Touch of evil lensing (8 replies and 6 comments)
Dear master roger i am watching touch of evil. I believe they were not using wide lenses for all players and all scenes. Here by i have attached police captain and a women conversation in the same scene. A police captain face little distorted and women face not distorted much. I think they have used slight long lenses for women's close up. Compare than police captain. Right?
Yes, looks like a longer lens on her, maybe a 50mm.
I think the lens used on 'Touch of Evil' was an Angenieux 18.5mm 2.2 lens. I think Orson Welles' owned it.

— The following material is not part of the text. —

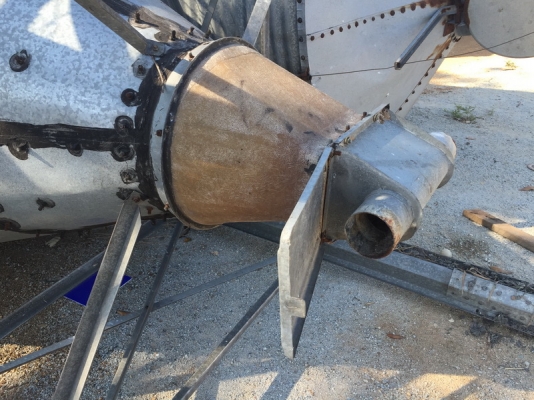 ขายถัง Silo อาหารสัตว์ ขนาด 6000 ลิตร และ 9000 ลิตร มีหลายใบ สภาพสวยพร้อใช้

Did they use only one lens(18.5mm) for whole movie. I don't think so
I believe they shot the majority on the 18.5 but I don't know if that close shot was made with something a little longer. I really doubt it was a 50mm.
Maybe a 35mm then...
Looking through the movie, it seems that the close-ups of women are generally shot with less wide-angle lenses:
Also, the rear-projected driving shots are longer-lensed than the car mount driving shots:
You can see the difference more clearly in this intercut phone call scene -- the camera pushes in on the young man on the 18.5mm probably, but the other side of the call is not as wide-angle:
Yes that's what I did ask roger and you. I assume they weren't use wide lens for womens close ups!
If you're careful about your lens height, you can get fairly close without too much distortion - it's even possible that Janet Leigh's side of the phone call was even as wide as a 25mm.
That makes sense but that phone is pretty distorted as it comes towards the camera. Is that rear projection image shot on a longer lens than the live action? That may be why the two don't sit so well together. It is interesting that it is not so easy to recognize a lens length simply from looking at a well composed still frame.
I suspect it would have been hard to do rear-projection driving shots on stage with an 18.5mm, the screen would have to be much larger behind the car, the projector behind the screen would have to be farther, etc. The studios probably had their rear-projection stage set-up fairly standardized for shows coming in.
Yes, that makes sense. If the 18.5 was Orson Welles' lens it makes sense that there was not something equivalent for back projection or for shooting the plates either.